In a hospital ward in Pariang, 22-year-old Athieng presses her one-year-old daughter, Athiei, against her chest as nurses check the colored band wrapped around the child’s arm.
The result falls in the red zone: severe acute malnutrition.
“I came here because my child was sick,” Athieng says. “She was vomiting and had diarrhea. She also had a high fever.”
After two weeks of treatment, Athiei’s health has improved. Her fever has gone down, and her other symptoms have eased. Still, the multicolored mid-upper arm circumference (MUAC) band shows the one-year-old is still recovering.
Athiei’s story is one of many in South Sudan’s worsening hunger crisis.
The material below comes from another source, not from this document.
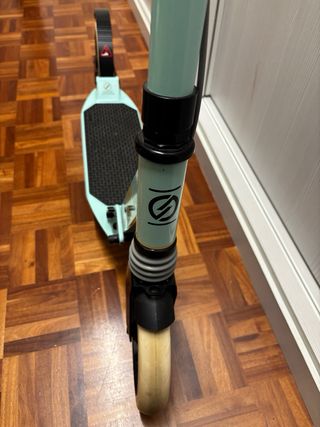 Patinete Oxelo XL Verde Adulto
According to the latest IPC analysis, 7.8 million people in South Sudan — about 56% of the population — will face crisis levels of hunger or worse between April and July 2026. The IPC also estimates that 2.2 million children aged 6 to 59 months currently require treatment for acute malnutrition, along with 1.2 million pregnant and breastfeeding women who need nutrition support.
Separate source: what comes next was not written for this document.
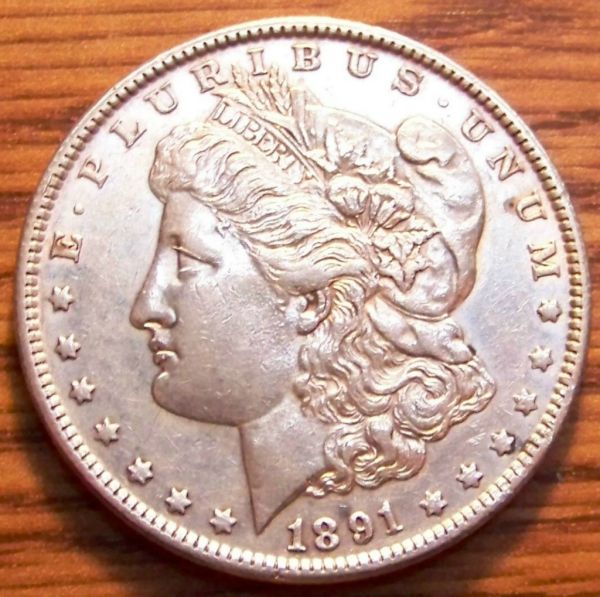 1891-Morgan-Dollar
Malnutrition is more than a lack of food. When children do not get enough nutrients, their immune systems weaken, growth slows, and brain development can be affected. It can also make common illnesses like diarrhea and malaria far more dangerous. For pregnant and breastfeeding mothers, poor nutrition can increase health risks for both mother and baby and make recovery from illness or childbirth harder.